A few months ago, Google stepped firmly into the middle of the US culture wars. Its generative AI model “Gemini” was accused of being too “woke.” When users asked Gemini to generate certain images, its output was counterfactual to say the least: a black man and Asian woman depicted in the German army in World War II; and a black man as one of the US Founding Fathers.
The algorithm’s output enraged many on the American political right and even Ben Thompson, author of the newsletter “Stratechery,” one of Silicon Valley’s most widely read publications. In his February 26 newsletter, “Gemini and Google’s Culture,” Thompson even called for the removal of Google CEO Sundar Pichai:
Google, quite clearly, needs a similar transformation: the point of the company ought not be to tell users what to think, but to help them make important decisions, as Page once promised. That means, first and foremost, excising the company of employees attracted to Google’s power and its potential to help them execute their political program, and return decision-making to those who actually want to make a good product. That, by extension, must mean removing those who let the former run amok, up to and including CEO Sundar Pichai.
From this observer’s perspective, the concern over Gemini’s output has to do not only with the political nature of the content but also with the immense power Google has over our society. Because the world runs on Google, the decisions Google makes about the output of its algorithms have global consequences.
Although interrogating Google’s market power and values is certainly appropriate, the commentary has glossed over a crucial point: not all biases in a model’s training data are bad. Under the false assumption that “all bias is bad,” Google stripped out some of the information in Gemini’s training data necessary for the algorithm to deliver accurate output.
All algorithms, whether they are Large Language Models at the heart of products like Gemini or simpler machine learning models, are built to predict the future based on the past. Algorithms can tell you what is and is not a hot dog; they can also tell you, as Gemini does, what the next word in a sequence will be based on the previous words.
The past we have lived through, however, oftentimes reflects bias that we do not want to replicate in the future. Take the Amazon hiring algorithm from 2018 that was built to predict which candidates would be successful based on successful employees from the past. That algorithm was taken down because its output was biased to privilege white men, the candidates who had been the most successful at Amazon until that time. The bias of the algorithm’s underlying data did not reflect the diverse workforce that Amazon wanted to build in the future.

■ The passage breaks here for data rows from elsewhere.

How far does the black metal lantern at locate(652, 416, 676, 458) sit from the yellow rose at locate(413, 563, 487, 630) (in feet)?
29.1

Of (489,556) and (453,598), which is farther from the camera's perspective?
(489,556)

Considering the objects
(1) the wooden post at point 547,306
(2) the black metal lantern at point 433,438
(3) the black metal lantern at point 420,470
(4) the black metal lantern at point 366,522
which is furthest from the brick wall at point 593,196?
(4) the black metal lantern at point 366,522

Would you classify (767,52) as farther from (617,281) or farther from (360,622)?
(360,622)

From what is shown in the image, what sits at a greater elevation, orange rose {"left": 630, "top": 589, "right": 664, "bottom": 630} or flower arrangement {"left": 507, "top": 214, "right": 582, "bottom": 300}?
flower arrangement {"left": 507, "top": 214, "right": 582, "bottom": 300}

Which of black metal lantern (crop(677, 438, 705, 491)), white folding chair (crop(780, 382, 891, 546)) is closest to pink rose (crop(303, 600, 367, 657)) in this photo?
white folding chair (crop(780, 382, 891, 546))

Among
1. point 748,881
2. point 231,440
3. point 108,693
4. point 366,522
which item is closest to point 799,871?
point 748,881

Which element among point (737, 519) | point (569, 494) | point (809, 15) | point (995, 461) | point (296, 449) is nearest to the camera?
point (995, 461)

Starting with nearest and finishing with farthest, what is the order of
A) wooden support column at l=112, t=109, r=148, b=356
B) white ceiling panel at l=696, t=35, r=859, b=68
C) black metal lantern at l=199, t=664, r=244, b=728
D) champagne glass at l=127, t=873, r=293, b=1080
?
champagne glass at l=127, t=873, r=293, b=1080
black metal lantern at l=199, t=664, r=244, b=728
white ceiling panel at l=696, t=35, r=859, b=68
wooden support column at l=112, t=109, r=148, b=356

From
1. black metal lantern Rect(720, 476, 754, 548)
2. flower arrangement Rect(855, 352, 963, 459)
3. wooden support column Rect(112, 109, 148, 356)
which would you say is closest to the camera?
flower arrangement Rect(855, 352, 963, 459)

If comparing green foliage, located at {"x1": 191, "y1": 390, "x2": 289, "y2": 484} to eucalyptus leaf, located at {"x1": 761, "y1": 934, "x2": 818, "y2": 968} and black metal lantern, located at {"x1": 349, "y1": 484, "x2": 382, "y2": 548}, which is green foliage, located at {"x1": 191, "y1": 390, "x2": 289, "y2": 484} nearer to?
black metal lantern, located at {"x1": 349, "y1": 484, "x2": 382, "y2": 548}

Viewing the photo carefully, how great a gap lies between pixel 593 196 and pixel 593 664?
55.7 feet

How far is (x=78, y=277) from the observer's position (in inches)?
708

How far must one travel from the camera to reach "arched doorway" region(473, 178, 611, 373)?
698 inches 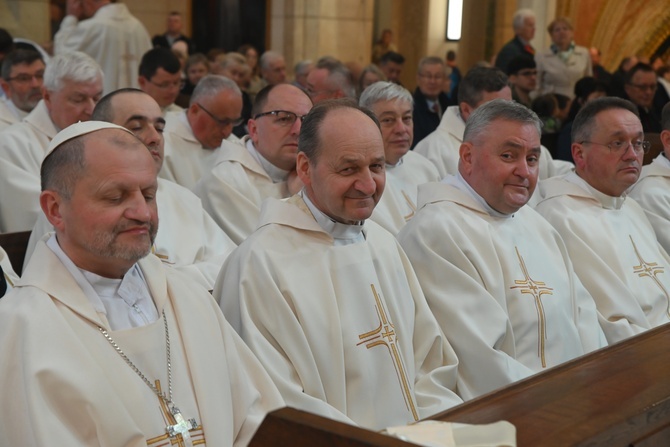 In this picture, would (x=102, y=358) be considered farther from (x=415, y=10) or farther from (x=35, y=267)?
(x=415, y=10)

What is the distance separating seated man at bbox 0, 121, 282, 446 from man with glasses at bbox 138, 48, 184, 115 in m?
4.89

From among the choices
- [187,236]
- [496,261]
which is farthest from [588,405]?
[187,236]

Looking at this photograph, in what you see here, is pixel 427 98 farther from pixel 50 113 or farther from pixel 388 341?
pixel 388 341

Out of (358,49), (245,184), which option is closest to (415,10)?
(358,49)

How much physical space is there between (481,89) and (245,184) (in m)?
2.49

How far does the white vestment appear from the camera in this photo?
370 cm

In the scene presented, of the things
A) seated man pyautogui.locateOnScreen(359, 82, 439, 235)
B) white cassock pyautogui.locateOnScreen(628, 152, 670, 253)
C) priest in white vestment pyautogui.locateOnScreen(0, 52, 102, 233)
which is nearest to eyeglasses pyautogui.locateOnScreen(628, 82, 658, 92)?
white cassock pyautogui.locateOnScreen(628, 152, 670, 253)

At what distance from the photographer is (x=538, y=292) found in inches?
183

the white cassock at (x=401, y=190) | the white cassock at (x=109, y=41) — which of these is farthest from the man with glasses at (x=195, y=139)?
the white cassock at (x=109, y=41)

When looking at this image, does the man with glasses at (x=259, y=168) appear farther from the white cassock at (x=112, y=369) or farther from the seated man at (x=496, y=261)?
the white cassock at (x=112, y=369)

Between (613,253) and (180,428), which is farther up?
(180,428)

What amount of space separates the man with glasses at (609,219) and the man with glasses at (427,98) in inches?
174

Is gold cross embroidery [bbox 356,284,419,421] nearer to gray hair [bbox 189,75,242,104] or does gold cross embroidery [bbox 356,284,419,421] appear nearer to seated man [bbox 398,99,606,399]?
seated man [bbox 398,99,606,399]

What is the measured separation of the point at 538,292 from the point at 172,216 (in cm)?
206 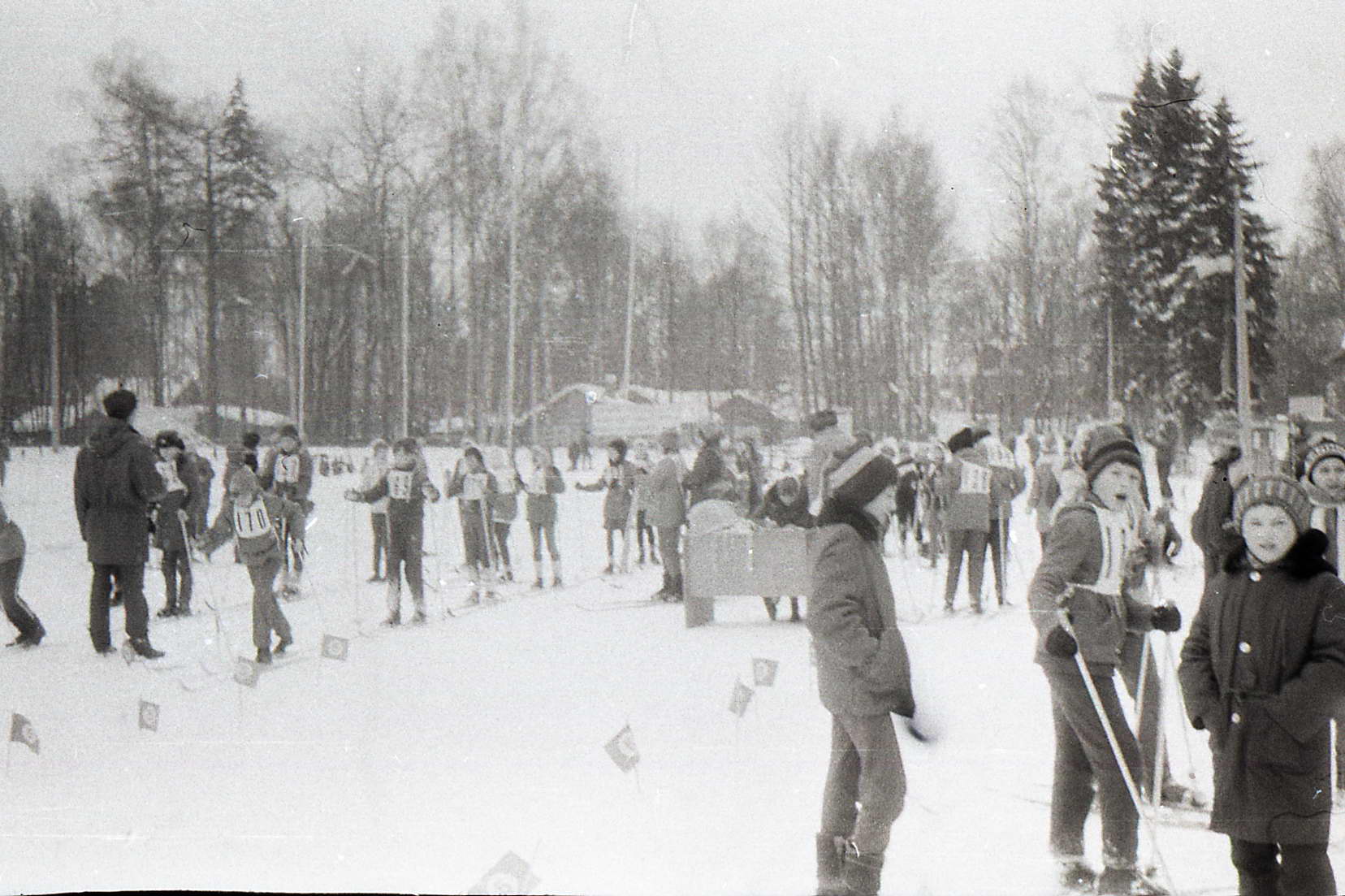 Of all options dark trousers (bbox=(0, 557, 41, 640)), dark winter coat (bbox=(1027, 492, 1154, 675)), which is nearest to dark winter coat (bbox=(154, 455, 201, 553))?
dark trousers (bbox=(0, 557, 41, 640))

That said, the data sets on which we train algorithms are always going to be biased – the data was created and curated by humans, who have all sorts of unconscious biases. Moreover, it is necessary to maintain some of the bias in an underlying data set so that the machine can deliver an accurate output. In the application on an algorithm for hiring decisions, programmers who want to build a system that gives a fair shot to all worthy applicants would want to eliminate gender bias but keep biases for candidates with good coding skills or strong credentials. The key is not eliminating all biases in the data– it is eliminating the wrong biases.
Which brings us back to Google. Under the logic that “all bias is bad,” programmers stripped out so much bias that it distorted the model’s output. Data about gender and race have a high correlation with who was and was not a German soldier or a Founding Father. Whether these biases were morally “right” for Germans during WWII and Americans during the early Republic is the purview of historians to debate. However, when it comes to building algorithms, the correlation is clear and should have been reflected in the model’s output.
The story of Gemini’s false start here presents a lesson for technologists trying to build ethical products: the bias you want to keep or eliminate in your model depends on the objective function of the model (i.e., what it is deciding) and the context in which the model is deployed.
If you are building a model to help inform decisions made in the future – creditworthiness, recidivism rates, and hiring potential among them – you want to be sure to eliminate the underlying bias in the model that would cause decisions made based on that model to compound the injustices of the past. However, if you are building a model to identify who and who is not a German soldier, including the biases of a historical time are necessary for the model to be accurate.